| Task goal |
Data follows below. Repeat exactly the lines between the line holding "Pink Linen Blend" and the line holding "Amanda | Oversized", inclusive, and nothing more; drop pictures.

| Dataset |
╭──
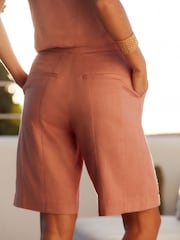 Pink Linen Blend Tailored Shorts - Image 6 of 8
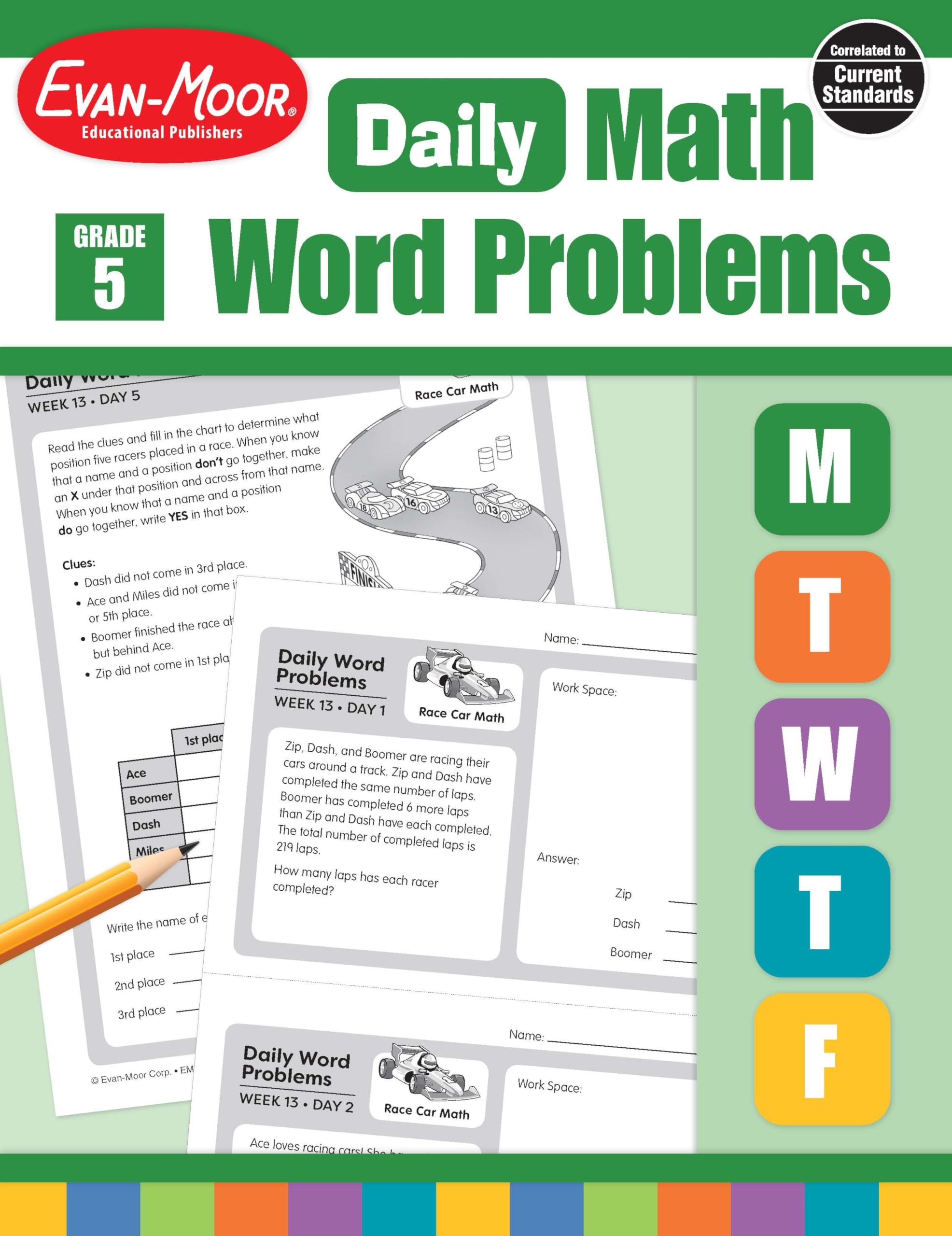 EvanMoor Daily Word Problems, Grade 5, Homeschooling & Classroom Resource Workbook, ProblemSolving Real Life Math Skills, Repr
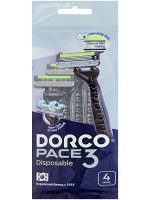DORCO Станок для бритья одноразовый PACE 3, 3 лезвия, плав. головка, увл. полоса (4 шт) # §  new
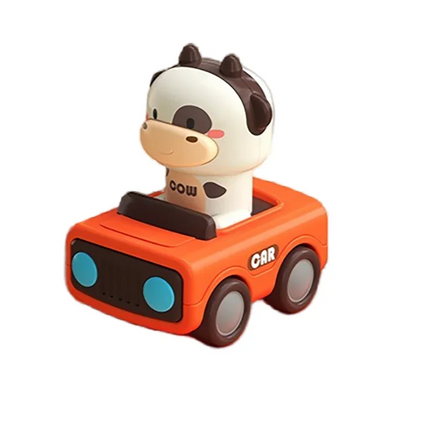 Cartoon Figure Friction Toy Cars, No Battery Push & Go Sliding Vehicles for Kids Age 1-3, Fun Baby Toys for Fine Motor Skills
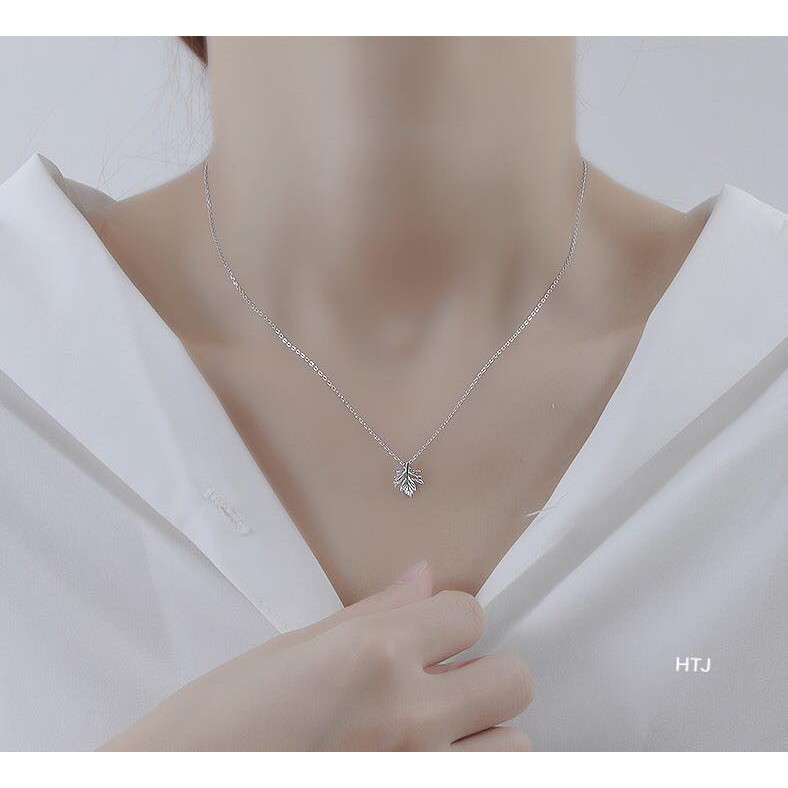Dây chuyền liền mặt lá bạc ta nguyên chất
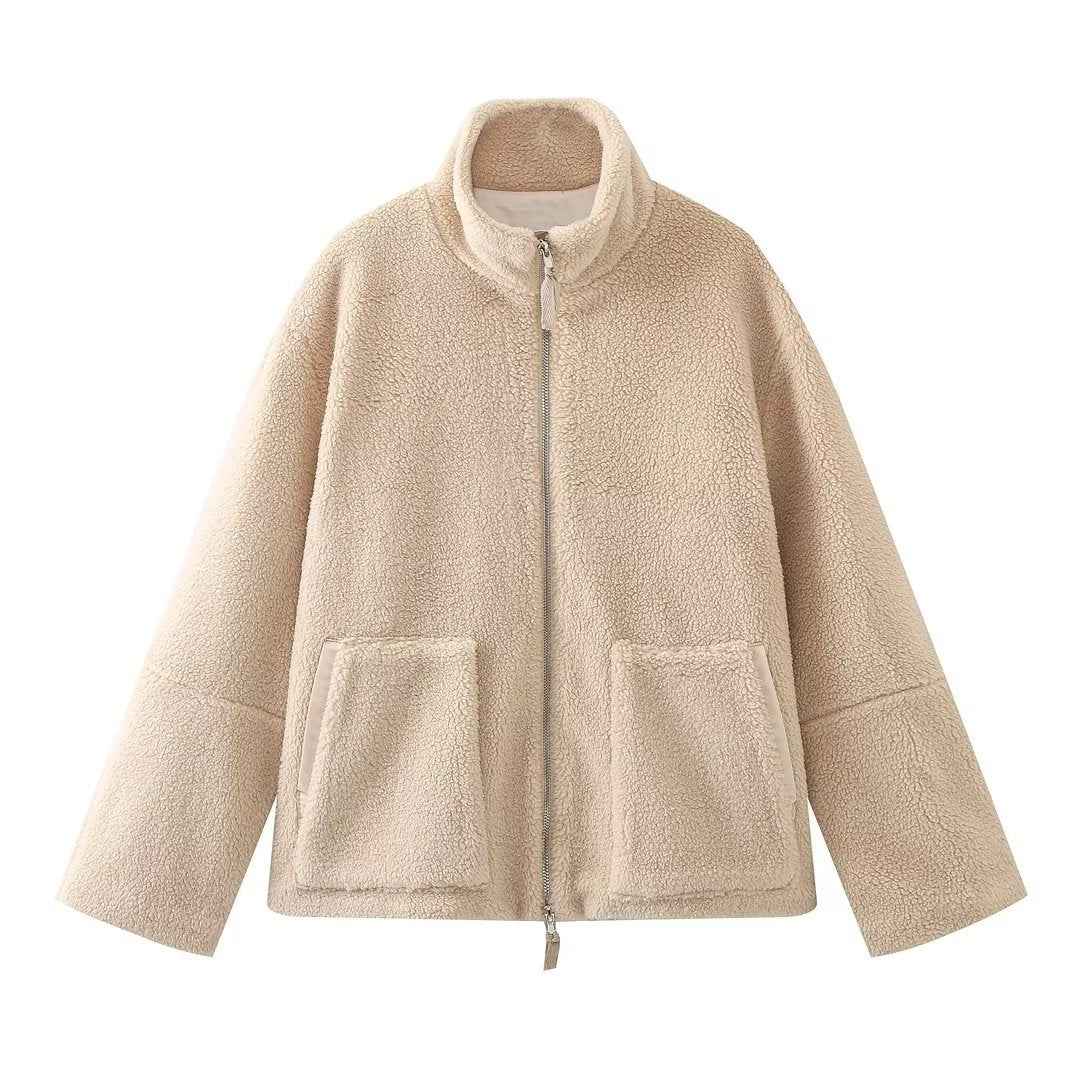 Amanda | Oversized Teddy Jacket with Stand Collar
╰──
╭──
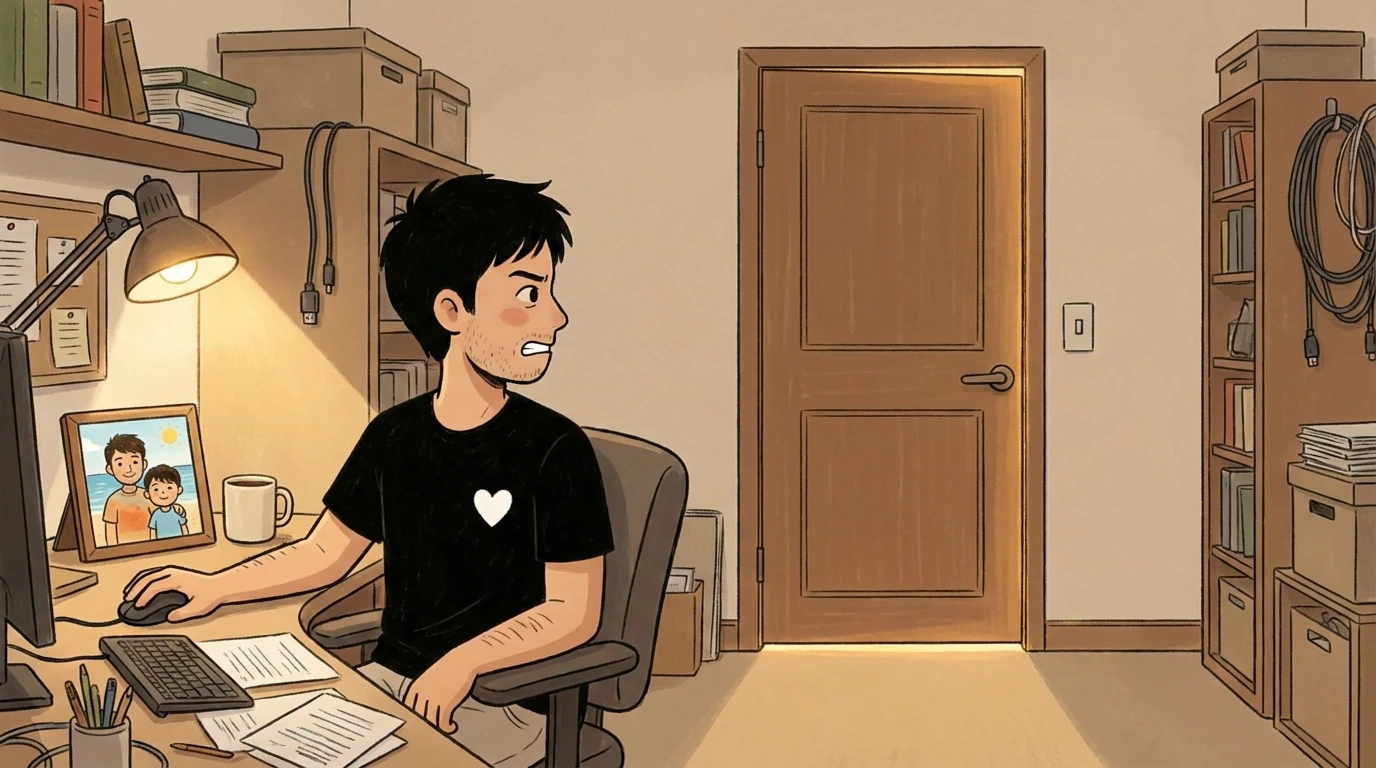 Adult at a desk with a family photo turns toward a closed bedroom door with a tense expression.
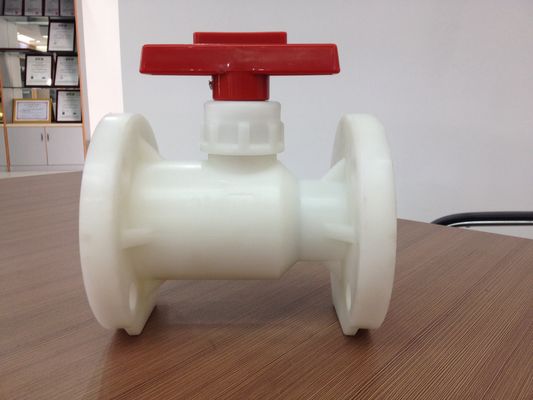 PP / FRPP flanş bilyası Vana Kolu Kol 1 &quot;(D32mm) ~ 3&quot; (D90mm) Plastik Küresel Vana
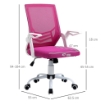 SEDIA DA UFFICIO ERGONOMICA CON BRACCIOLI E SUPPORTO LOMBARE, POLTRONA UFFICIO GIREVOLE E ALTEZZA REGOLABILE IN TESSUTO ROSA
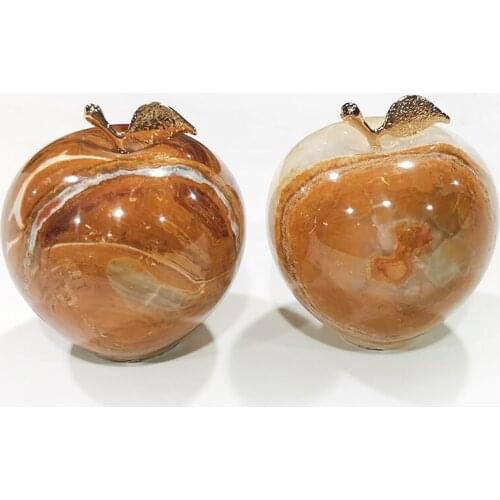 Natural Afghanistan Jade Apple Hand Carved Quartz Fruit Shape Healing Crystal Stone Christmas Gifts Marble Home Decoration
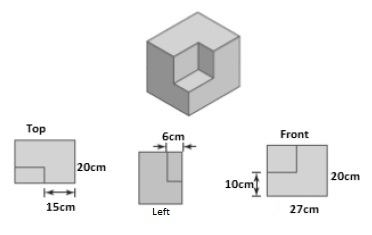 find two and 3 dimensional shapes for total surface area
╰──
╭──
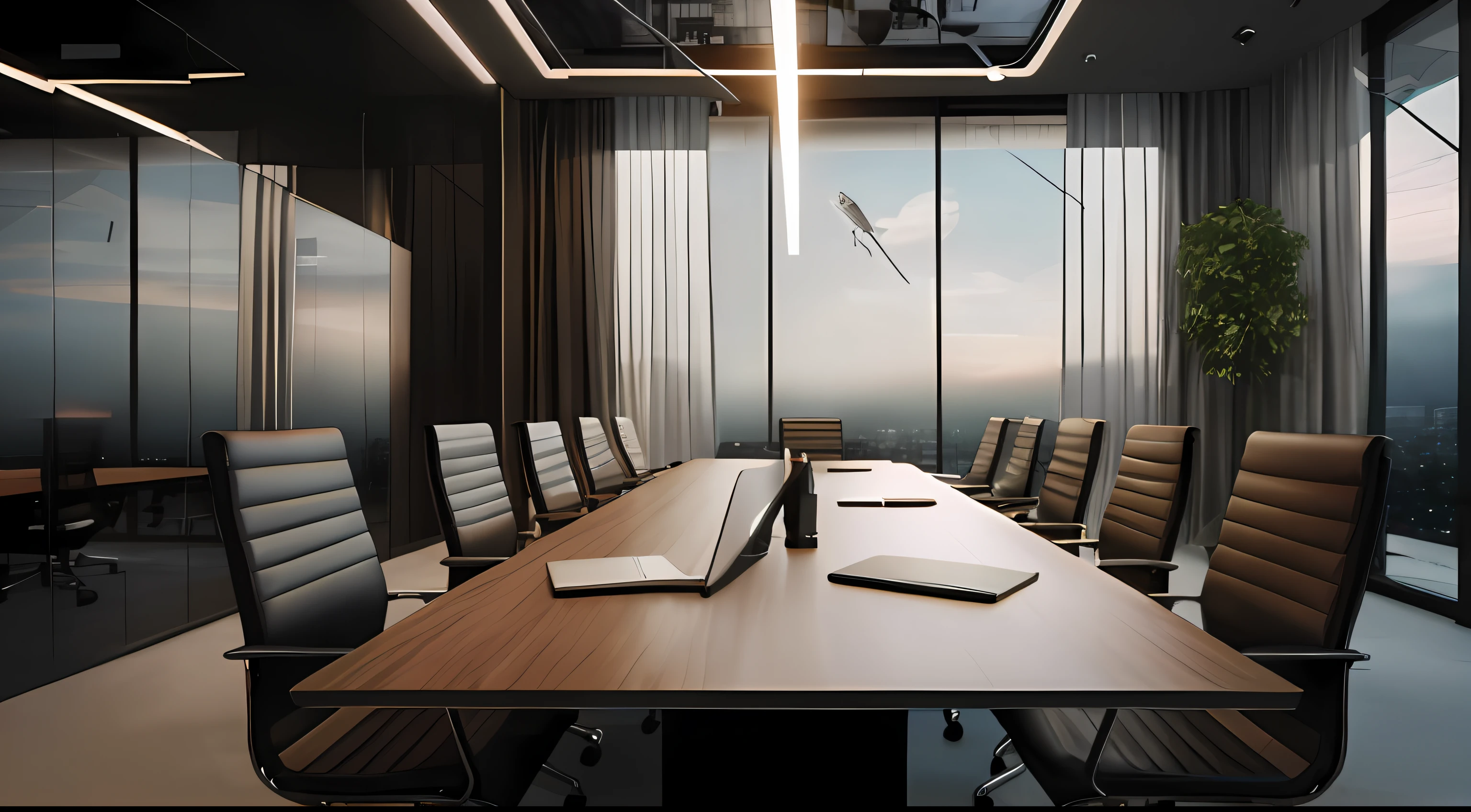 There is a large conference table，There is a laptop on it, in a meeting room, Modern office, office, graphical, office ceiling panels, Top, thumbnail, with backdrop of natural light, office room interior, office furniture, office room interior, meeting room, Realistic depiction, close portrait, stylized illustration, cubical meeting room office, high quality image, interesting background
╰──
| Task result |
 Pink Linen Blend Tailored Shorts - Image 6 of 8
 EvanMoor Daily Word Problems, Grade 5, Homeschooling & Classroom Resource Workbook, ProblemSolving Real Life Math Skills, Repr
DORCO Станок для бритья одноразовый PACE 3, 3 лезвия, плав. головка, увл. полоса (4 шт) # §  new
 Cartoon Figure Friction Toy Cars, No Battery Push & Go Sliding Vehicles for Kids Age 1-3, Fun Baby Toys for Fine Motor Skills
Dây chuyền liền mặt lá bạc ta nguyên chất
 Amanda | Oversized Teddy Jacket with Stand Collar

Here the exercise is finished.